With the publication of a book he wrote in 2016 entitled "Glory in the Face" (now available electronically and in paperback from Amazon.ca, and other online venders), Mike has just launched a new website, which will serve as a sort of scrapbook for readers of the book, with relevant background photos, for example, of That Last Final Solo Canoe Trip in May, 2011, as well as additional information about the book, and--coming soon--a new set of blog posts, mostly about the peace of God and the joy of the Lord and the face of Christ and the strength to face anything. You'll find the new website now at www.gloryintheface.com.

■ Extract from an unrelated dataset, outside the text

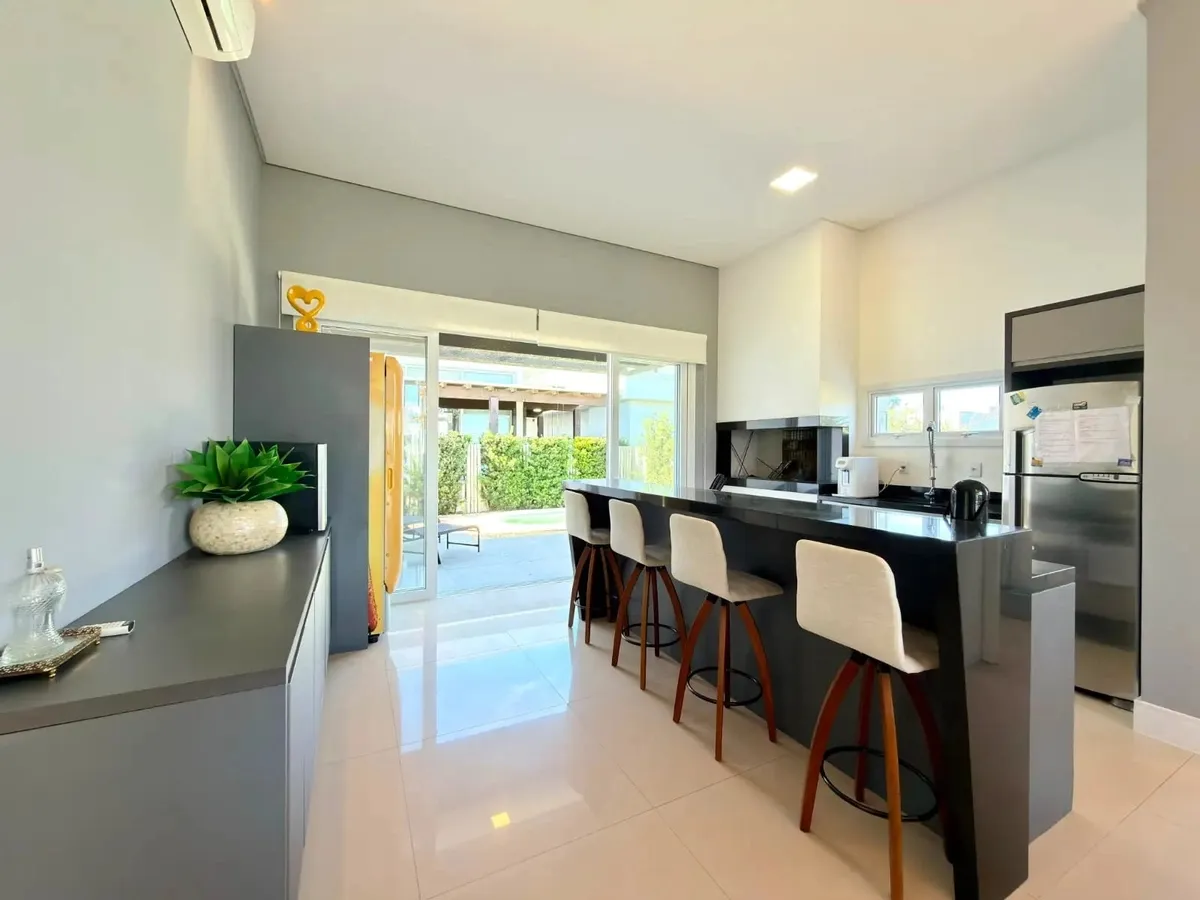 Imagem CASA EM CONDOMÍNIO À VENDA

They say that no two snowflakes are alike. I don’t know that they are right about that, but then I don’t know that they are wrong. (I also don’t know who “they” are.) But I think that, in some ways, snowflake-like, I am one of a kind. For example, I think that I might be the only person in the whole world who regularly goes running with his iPod playing Handel’s “Messiah.” If I’m not unique in this, I might still be unique in that I run with “The Messiah” on SHUFFLE.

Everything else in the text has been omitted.